Preheat oven to 325°F. and prepare your baking pans. Stack two same-sized baking sheets one on top of the other, then line the top one with parchment paper or a silicone liner. Doubling the baking pans will help to prevent the cookies from browning on the bottom too quickly.
Measure (and weigh to check) the almond flour, then whisk it together with the sugar and salt in a medium bowl.
Separate the eggs and beat the egg whites with an electric mixer until the soft peak stage. Soft peaks are foamy egg whites that form soft mounds that flop over ever so slightly.
Gently stir in the almond extract and the lemon and/or orange zest.
Add the egg whites to the almond flour mixture. It will quickly absorb the whites and you'll end up with a sticky dough.
Use a small cookie scoop or a spoon to make small balls of dough. Roll them in powdered sugar in the palm of your hand before placing them about 2 inches apart on a prepared baking sheet.

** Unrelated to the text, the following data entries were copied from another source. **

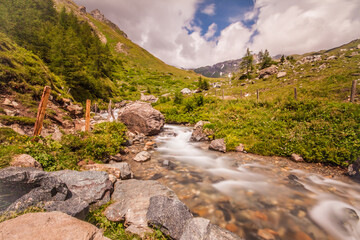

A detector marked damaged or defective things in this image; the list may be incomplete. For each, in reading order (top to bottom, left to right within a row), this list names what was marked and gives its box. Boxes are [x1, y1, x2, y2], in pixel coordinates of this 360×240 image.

rusty metal post [33, 86, 51, 137]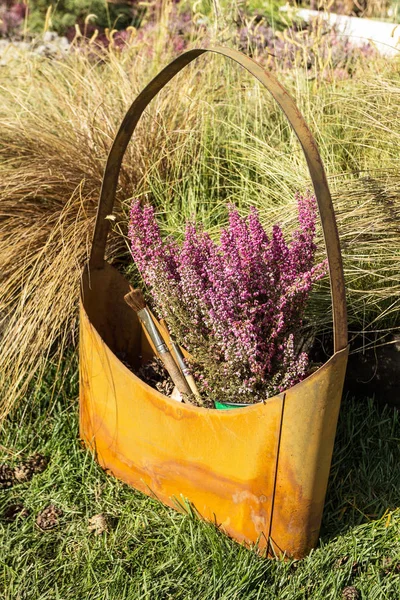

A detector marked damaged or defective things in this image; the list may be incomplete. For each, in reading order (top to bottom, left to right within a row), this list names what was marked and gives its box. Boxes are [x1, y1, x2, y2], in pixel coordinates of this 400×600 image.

rusted metal surface [80, 264, 346, 560]
rusty metal basket [79, 45, 348, 556]
rusted metal surface [79, 47, 348, 556]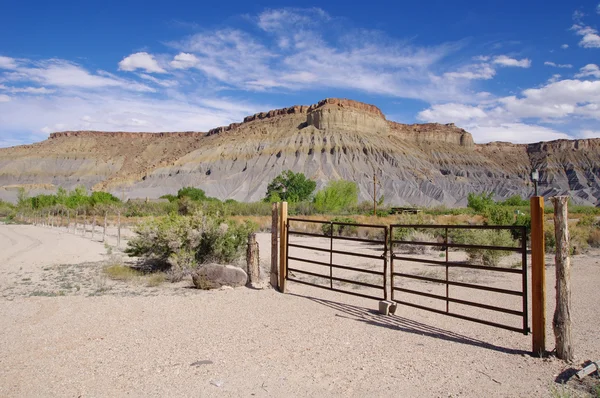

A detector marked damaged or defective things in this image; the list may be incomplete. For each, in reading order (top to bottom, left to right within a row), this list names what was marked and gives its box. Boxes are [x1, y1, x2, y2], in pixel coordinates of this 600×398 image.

rusty metal gate [286, 218, 390, 302]
rusty metal gate [392, 225, 528, 334]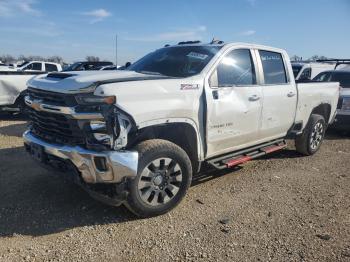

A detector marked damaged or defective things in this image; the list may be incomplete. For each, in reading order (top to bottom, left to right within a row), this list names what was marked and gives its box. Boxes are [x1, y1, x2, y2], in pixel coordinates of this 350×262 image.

damaged front bumper [22, 129, 138, 183]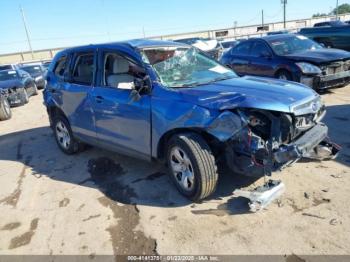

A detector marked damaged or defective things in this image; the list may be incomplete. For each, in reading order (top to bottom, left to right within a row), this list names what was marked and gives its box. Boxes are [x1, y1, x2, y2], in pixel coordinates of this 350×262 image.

cracked windshield [141, 46, 237, 87]
crumpled hood [178, 75, 318, 113]
crumpled hood [284, 48, 350, 64]
smashed front bumper [300, 70, 350, 90]
damaged blue suv [43, 40, 340, 202]
smashed front bumper [274, 123, 340, 164]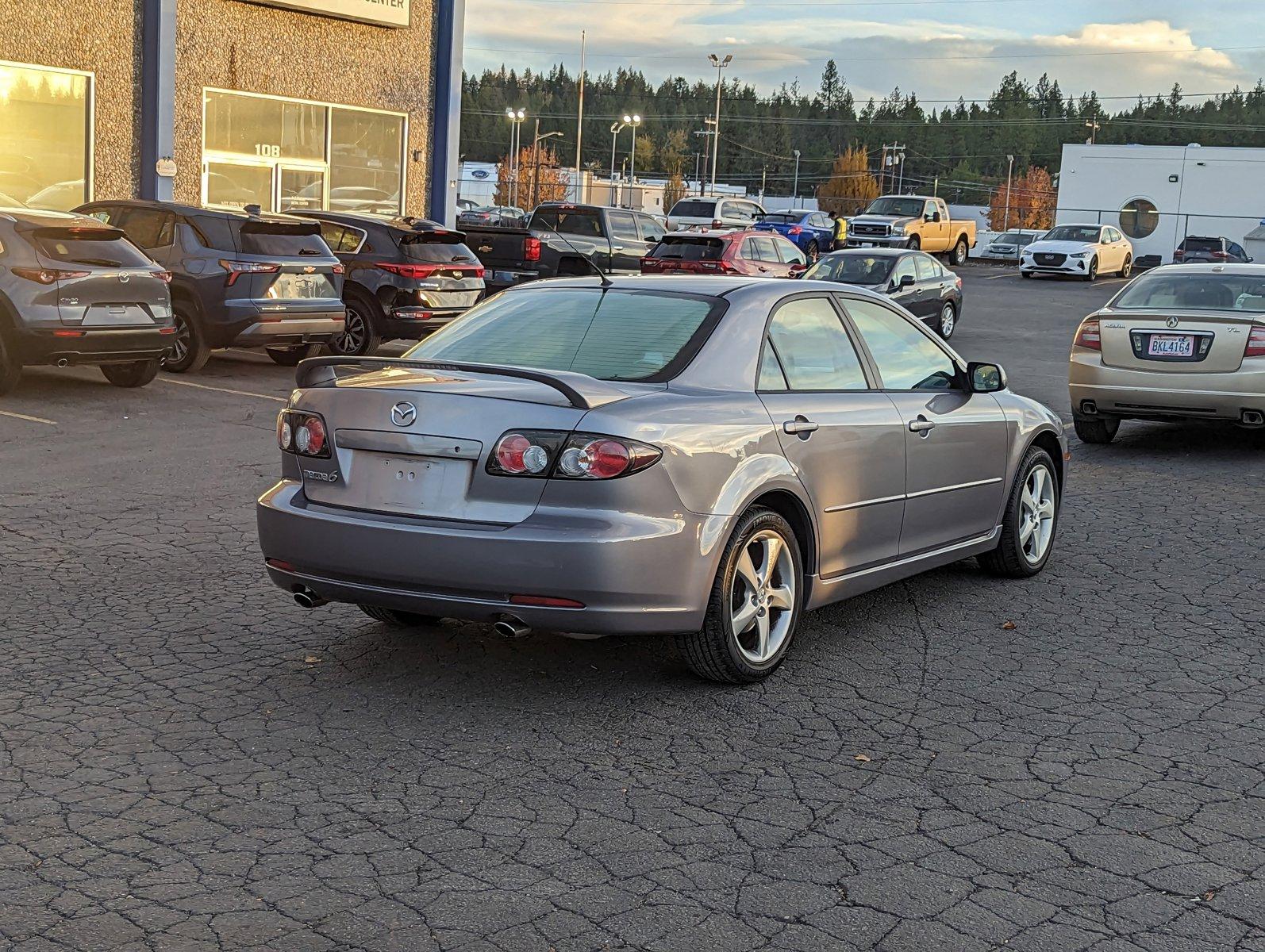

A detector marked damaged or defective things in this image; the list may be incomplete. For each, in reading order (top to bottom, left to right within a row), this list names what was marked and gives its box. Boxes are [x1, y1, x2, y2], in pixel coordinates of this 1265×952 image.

cracked asphalt [2, 267, 1265, 950]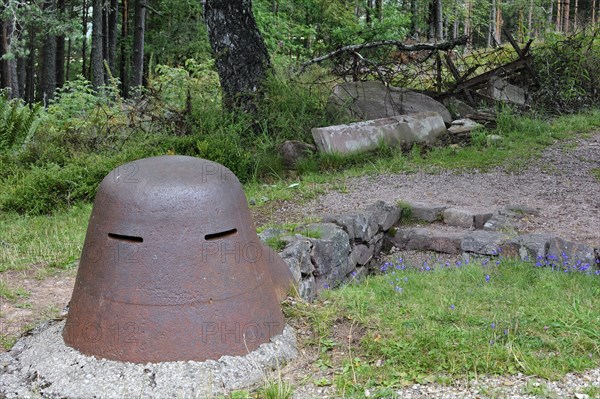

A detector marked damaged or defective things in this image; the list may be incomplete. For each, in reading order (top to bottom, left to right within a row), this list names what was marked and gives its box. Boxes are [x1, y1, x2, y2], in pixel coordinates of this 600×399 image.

broken concrete slab [314, 114, 446, 156]
rusted metal surface [62, 156, 292, 366]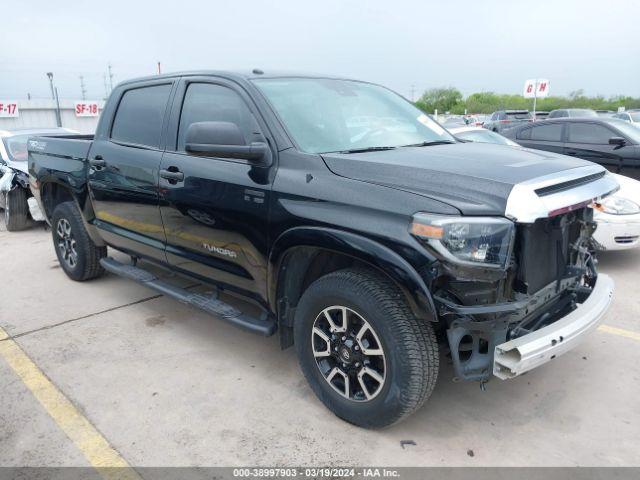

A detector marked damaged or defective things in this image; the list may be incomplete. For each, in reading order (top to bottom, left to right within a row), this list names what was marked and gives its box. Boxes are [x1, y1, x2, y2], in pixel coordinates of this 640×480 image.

damaged hood [322, 142, 596, 216]
cracked headlight [410, 215, 516, 268]
cracked headlight [596, 197, 640, 216]
missing front bumper [492, 276, 612, 380]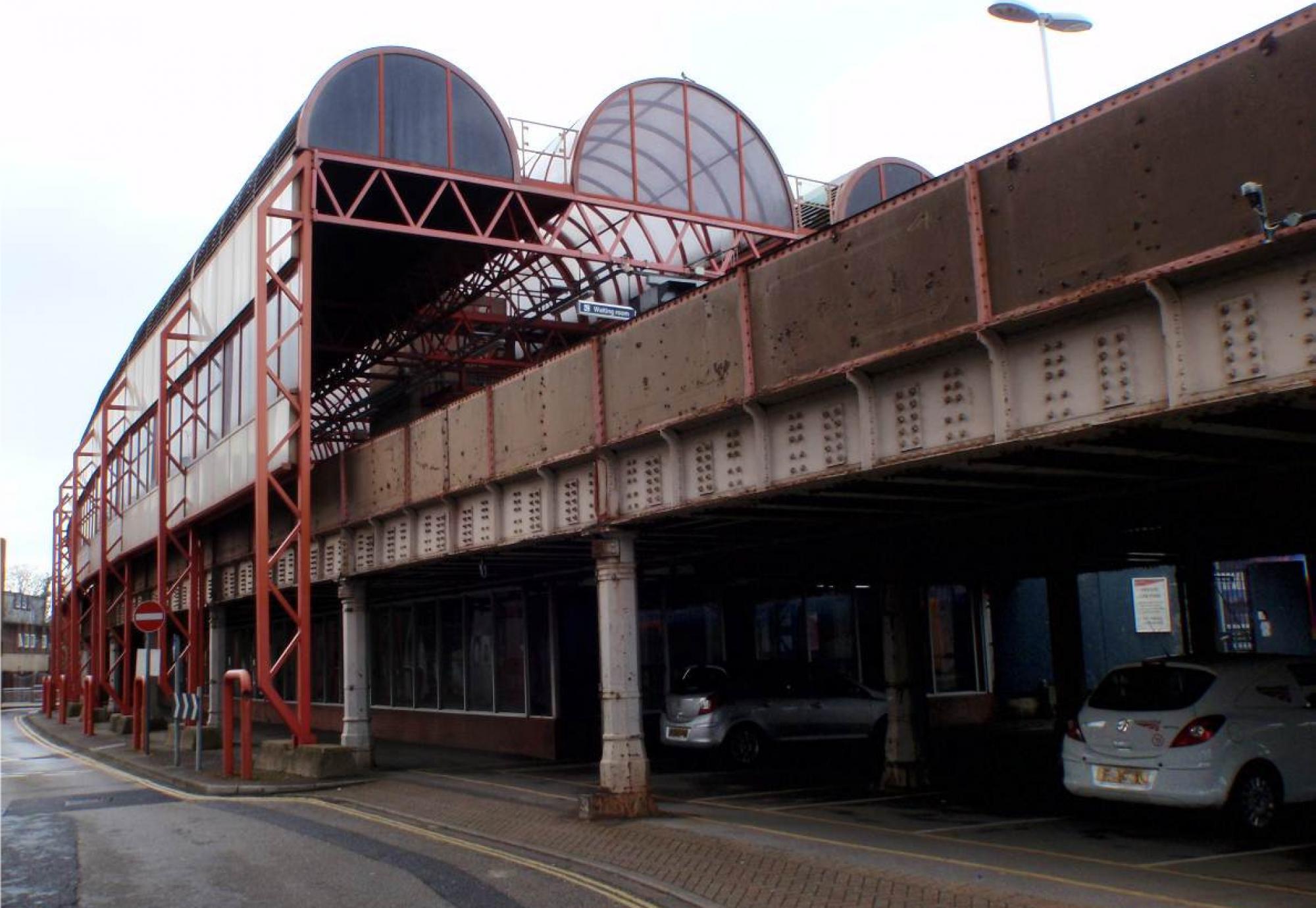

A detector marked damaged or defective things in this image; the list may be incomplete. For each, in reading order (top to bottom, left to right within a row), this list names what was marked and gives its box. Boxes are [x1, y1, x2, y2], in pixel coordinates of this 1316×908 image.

rusty metal surface [990, 11, 1316, 311]
rusty metal surface [408, 408, 450, 497]
rusty metal surface [447, 390, 490, 487]
rusty metal surface [492, 345, 595, 474]
rusty metal surface [603, 283, 747, 440]
rusty metal surface [753, 176, 979, 390]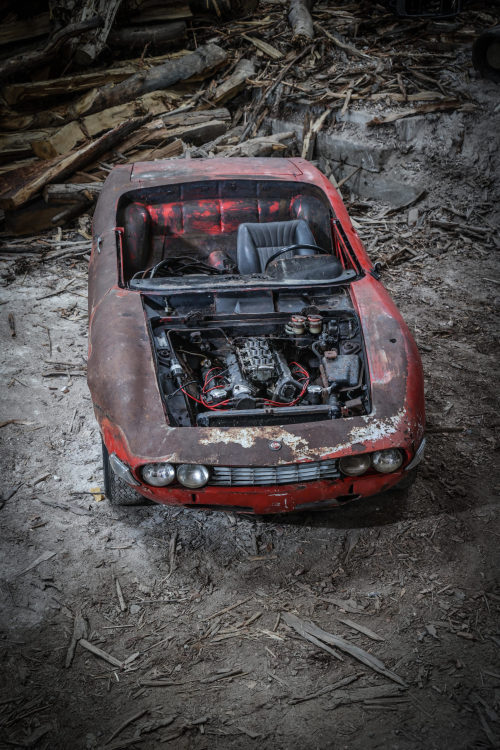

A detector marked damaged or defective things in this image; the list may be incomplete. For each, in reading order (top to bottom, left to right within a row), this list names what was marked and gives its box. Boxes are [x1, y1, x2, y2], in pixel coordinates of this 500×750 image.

rusty car body [88, 156, 424, 516]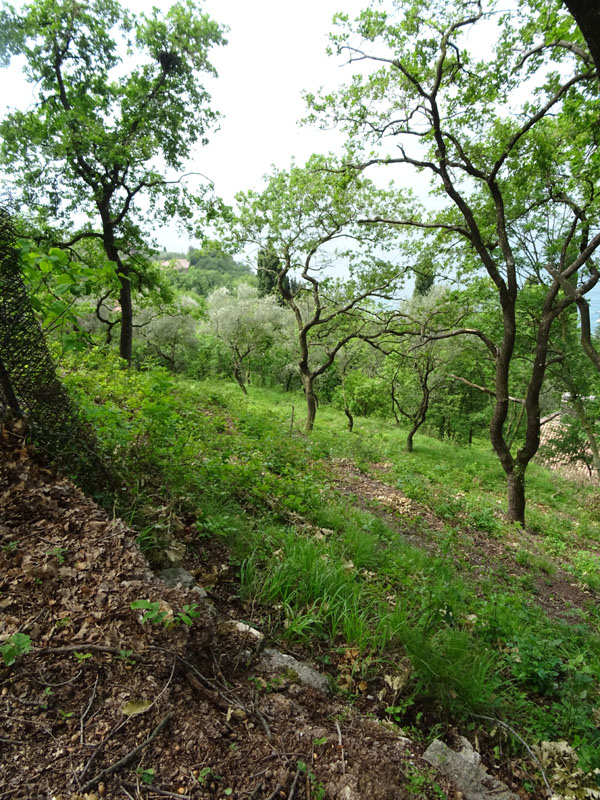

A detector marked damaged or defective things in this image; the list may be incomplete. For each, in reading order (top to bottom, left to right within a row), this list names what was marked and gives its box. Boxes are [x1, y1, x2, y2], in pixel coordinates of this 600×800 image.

rusty fence mesh [0, 206, 113, 494]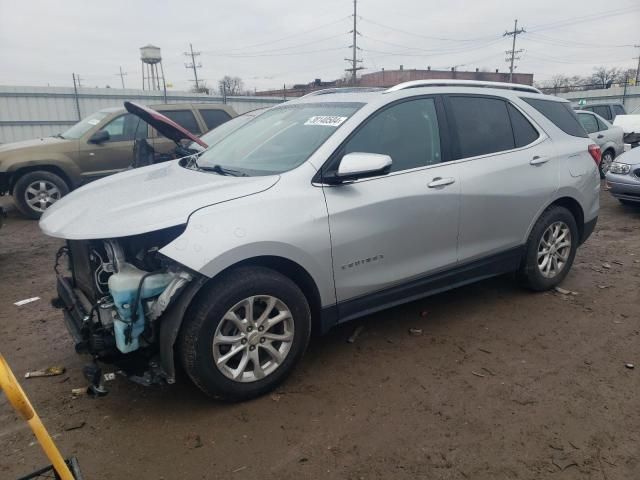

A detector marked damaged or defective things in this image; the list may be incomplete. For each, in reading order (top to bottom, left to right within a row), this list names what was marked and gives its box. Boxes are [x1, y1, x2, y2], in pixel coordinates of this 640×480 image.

damaged front end [54, 227, 201, 388]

Bake at 325°F. for 25 minutes. The bottoms of the cookies should be golden brown. Check at 22 minutes to make sure the bottoms are not browning too quickly. Let the cookies cool on the pan, then remove to a wire rack to cool completely before storing.
Notes
To store: These Amaretti cookies will stay fresh for several days at room temperature.To freeze: Freeze the baked cookies in an airtight container once they have cooled completely. They will last for 3 months or so.